Holy Spider conforms, then, to a long-familiar template, narratively and culturally, which is not merely to say Iranian culture. We have the serial killer (and, inevitably, true crime) genre's essential symmetry: an everyday hero to rival—and in some cases, remedy—all the terror that steers the film. Here, that is the (sometimes foolishly) daring journalist—also deployed in the recent Boston Strangler film—an archetype as likely as any to supplant the formerly enshrined detective, an increasingly unsympathetic figure since this latest, more scrutinous wave of true crime has exposed law enforcement as reliably incompetent above all else. If true crime bears any useful truths, it is not—at least in reality—that serial killers are somehow uniquely or even exceptionally clever, but that so many of them have strategically targeted the most vulnerable among us: women, sex workers, the indigent, queer people, drug users, people of color; in other words, the very classes that cops are either indifferent to or prey upon themselves, and moreover, possess the legal means to dispose of. In this light, more and more films of late endeavor to address the police’s ineffectiveness or outright corruption. See, most recently, The Little Things (2021), in which Denzel Washington's jaded sheriff is not only haunted by his failure to apprehend a serial murderer (who may still be at large), but also by the grim consequences of his own careless violence—or, put more aptly, the instinctive, institutional, and largely permitted violence of law enforcement in the apparent pursuit of justice.    

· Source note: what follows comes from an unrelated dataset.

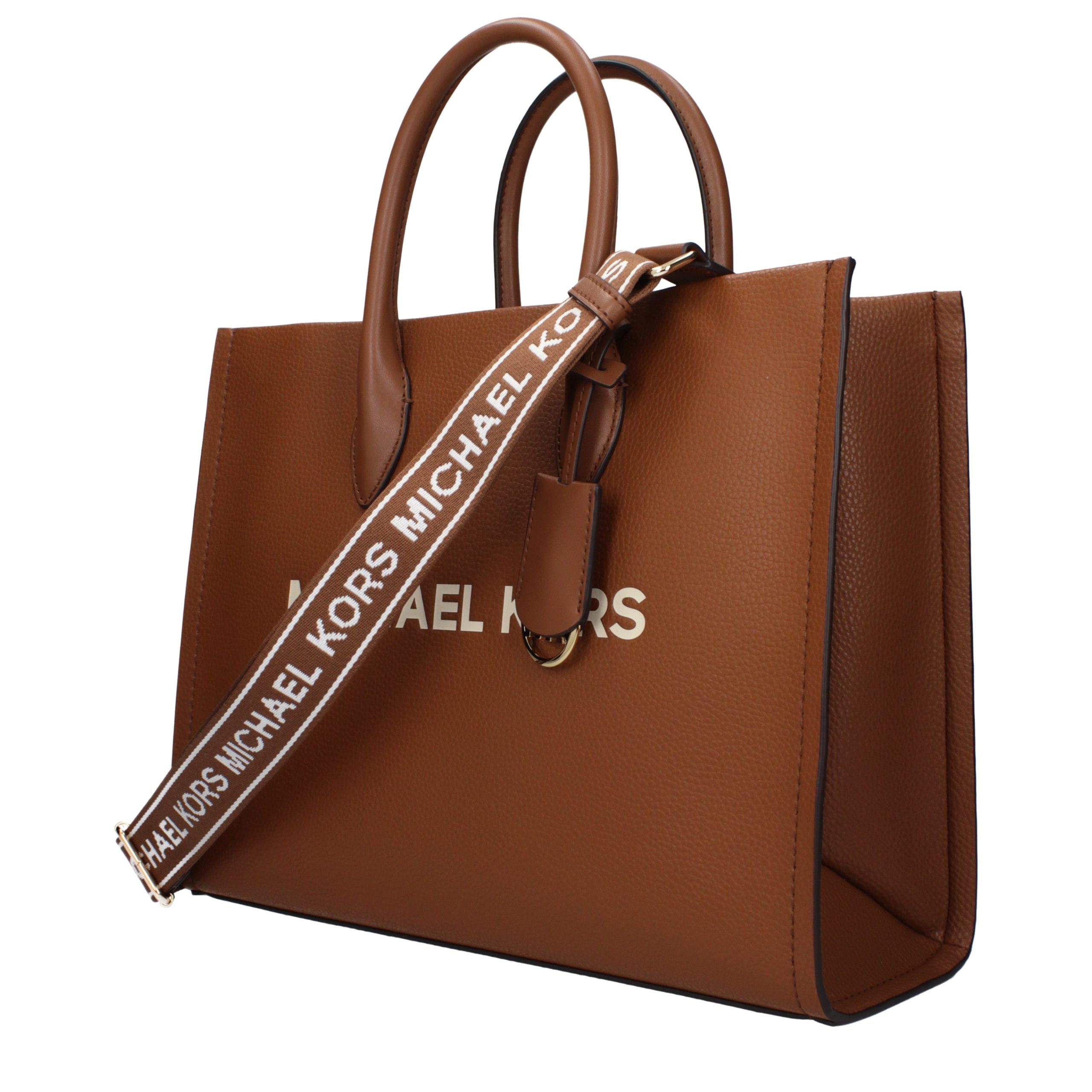 Michael Kors Brown Leather Handbag - Image 2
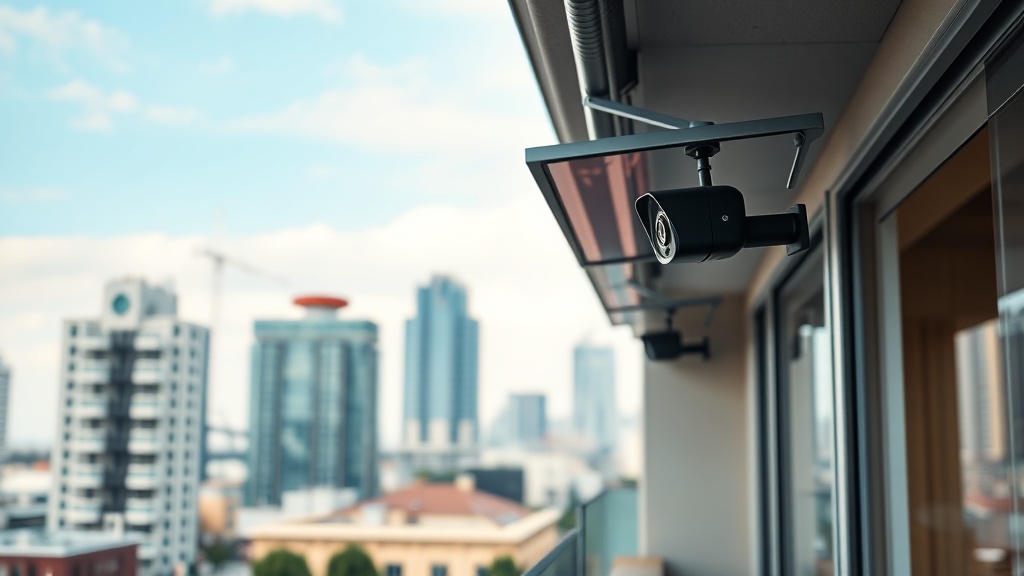 Sistem Cam Balkon Rüzgar Sensörü ve Otomatik Kapanma Çözümleri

Holy Spider (Ali Abbasi, 2022).

Holy Spider, too, illuminates the general apathy and hypocrisy of the local authorities, which balloons into a faltering censure of the misogyny it seeks to condemn. For as the film unspools its righteous derision for the noxious culture of patriarchy, the architect of these conditions—that is, an environment, not at all confined to Iran, where the murder of women is not just inevitable, but tradition—then Abbasi also casually replicates these impulses when he so frequently and interminably restages these gruesome assaults. In scene after scene, as Saeed strangles his victims, the camera assumes his vantage point and devours their deaths with the spellbound, macabre fascination that has ensured the genre enduringly flourish. 

Abbasi’s film does, at least, contend that such a society could hardly expect to offer any meaningful form of justice. By the film’s end, one man is executed, but the vision to which he had been so feverishly bound boasts enumerable disciples. The idea of women as property abounds; entire governments are organized around its very preservation. Indeed, men routinely kill to honor this conviction above all others. Statistically, a woman is far more likely to be murdered at the hands of an intimate partner than a ravenous, predatory stranger who absconds with her into the shadows. And when the latter does happen—when, moreover, a man is punished for his particularly rapacious, or else hyperbolic, expression of a woefully quotidian plague—the apparatus (women as commodities) endures long after he has been duly excised from society. 

Although hardly a revelation, most serial killer narratives, fictional or otherwise, come down to this conclusion. Historically, cinema has preferred to frame this story somewhat differently: in a genre generally (and rather deceptively) saturated by dead white women, Abbasi has gutted some of the fantasy. In mainstream, traditional depictions anyway, the serial killer may be more or less capable of masking, but is fundamentally an outsider, who in some way betrays their central Otherness. He (and almost always a he, although women have proven themselves quite capable killers) can be handsome or smart, even charming—Psycho (1960), Peeping Tom (1960), Hatchet for the Honeymoon (1970)—but usually, will be transparently bizarre, undeniably creepy, or harbor some gateway foible that either "predicts" or requires murder, like cross-dressing, voyeurism, or cannibalism. Some of these attributes originate with real-life offenders, but they also attest to certain preconceptions about our own capacity to spot harmful deviants among us. Time and again, this has been proven demonstrably false (in fact, more often, the most perceptive are ignored until it is too late). But in storytelling, one can more easily discern the grasping, anxious hope beneath that arrogance: that such horror could not be mundane, could not belong to this world, but must surely be evil and, therefore, far from the realm of humanity. 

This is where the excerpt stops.